While Idalis McZeal ’23 concurs with Schiller about the vast creative potential that Minecraft possesses, she specifically highlights nostalgia as one important reason for the game’s recent rise in popularity during quarantine, as someone who began playing as a child.
“[Minecraft is] just such [an old] game, and everyone remembers it from their childhood,” McZeal said. “I think not only is it really fun, but nostalgia definitely plays a part in why I probably enjoy the game so much. It’s been something that I’ve loved for a while, and I think when you have something from your childhood that’s still available to play, and it’s still something you enjoy, it’s just such a rare thing.”
On the other hand, Helen Graham ’21, who began playing Minecraft during quarantine, found Minecraft’s popularity directly related to its easy accessibility and the opportunities the game presented for maintaining social connections during quarantine and developing new hobbies.
“Part of the reason Minecraft is so popular is that it is widely accessible for people of all ages and all levels of ‘gaming,'” Graham said. “I am sure that the pandemic made it more popular as people were encouraged to stay inside and looked for things to spend time doing and ways to connect with friends.”

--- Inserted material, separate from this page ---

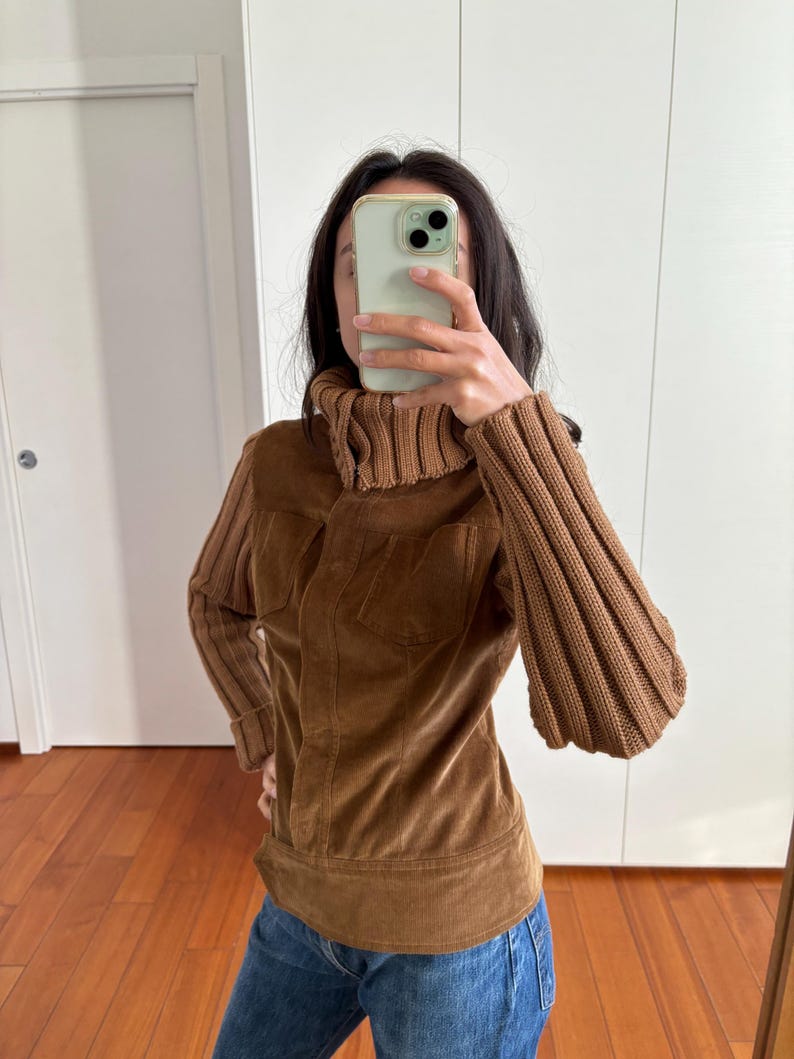 May include: A brown corduroy jacket with a turtleneck collar and ribbed knit sleeves. The jacket has a zipper closure and a fitted silhouette.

Overall, Schiller generally found Minecraft’s disproportionately large increase in popularity over this past year to be a reflection of the current state of affairs presented with the COVID-19 lockdowns.
“Quarantine shut most people off from the outside world, and Minecraft provided us with a perfect escape from our mundane quarantined lives by offering amazing worlds to explore,” Schiller said.